+++ Given data

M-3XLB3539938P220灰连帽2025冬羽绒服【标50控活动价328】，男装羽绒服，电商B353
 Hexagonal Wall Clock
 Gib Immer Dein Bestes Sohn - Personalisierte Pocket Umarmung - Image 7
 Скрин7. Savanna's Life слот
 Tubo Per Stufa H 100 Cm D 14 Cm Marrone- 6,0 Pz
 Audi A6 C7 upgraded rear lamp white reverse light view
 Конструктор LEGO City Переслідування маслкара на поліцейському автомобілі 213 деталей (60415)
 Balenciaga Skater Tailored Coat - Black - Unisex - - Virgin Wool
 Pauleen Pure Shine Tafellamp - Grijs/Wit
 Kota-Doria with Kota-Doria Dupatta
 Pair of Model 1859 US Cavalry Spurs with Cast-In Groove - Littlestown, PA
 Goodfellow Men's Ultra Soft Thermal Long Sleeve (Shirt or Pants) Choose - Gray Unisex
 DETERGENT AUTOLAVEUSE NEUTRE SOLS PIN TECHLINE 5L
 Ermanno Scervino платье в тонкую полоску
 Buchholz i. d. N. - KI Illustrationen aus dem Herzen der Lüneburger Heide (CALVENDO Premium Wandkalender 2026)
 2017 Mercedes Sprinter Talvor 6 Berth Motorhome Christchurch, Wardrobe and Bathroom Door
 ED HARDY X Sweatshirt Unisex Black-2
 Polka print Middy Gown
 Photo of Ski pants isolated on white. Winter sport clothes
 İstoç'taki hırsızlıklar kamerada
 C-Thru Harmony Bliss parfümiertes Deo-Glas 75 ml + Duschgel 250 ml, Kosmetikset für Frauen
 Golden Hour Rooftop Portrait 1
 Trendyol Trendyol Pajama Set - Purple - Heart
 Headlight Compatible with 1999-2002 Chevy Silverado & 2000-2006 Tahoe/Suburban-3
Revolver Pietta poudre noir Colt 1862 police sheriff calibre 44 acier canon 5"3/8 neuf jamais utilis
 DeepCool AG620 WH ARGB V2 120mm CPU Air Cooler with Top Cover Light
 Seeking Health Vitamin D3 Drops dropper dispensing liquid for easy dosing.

++++++

» What you have to do
Write down exactly the span of lines above from the one containing "Pair of Model" to the one containing "DeepCool AG620 WH", both ends included.

» Exercise answer
 Pair of Model 1859 US Cavalry Spurs with Cast-In Groove - Littlestown, PA
 Goodfellow Men's Ultra Soft Thermal Long Sleeve (Shirt or Pants) Choose - Gray Unisex
 DETERGENT AUTOLAVEUSE NEUTRE SOLS PIN TECHLINE 5L
 Ermanno Scervino платье в тонкую полоску
 Buchholz i. d. N. - KI Illustrationen aus dem Herzen der Lüneburger Heide (CALVENDO Premium Wandkalender 2026)
 2017 Mercedes Sprinter Talvor 6 Berth Motorhome Christchurch, Wardrobe and Bathroom Door
 ED HARDY X Sweatshirt Unisex Black-2
 Polka print Middy Gown
 Photo of Ski pants isolated on white. Winter sport clothes
 İstoç'taki hırsızlıklar kamerada
 C-Thru Harmony Bliss parfümiertes Deo-Glas 75 ml + Duschgel 250 ml, Kosmetikset für Frauen
 Golden Hour Rooftop Portrait 1
 Trendyol Trendyol Pajama Set - Purple - Heart
 Headlight Compatible with 1999-2002 Chevy Silverado & 2000-2006 Tahoe/Suburban-3
Revolver Pietta poudre noir Colt 1862 police sheriff calibre 44 acier canon 5"3/8 neuf jamais utilis
 DeepCool AG620 WH ARGB V2 120mm CPU Air Cooler with Top Cover Light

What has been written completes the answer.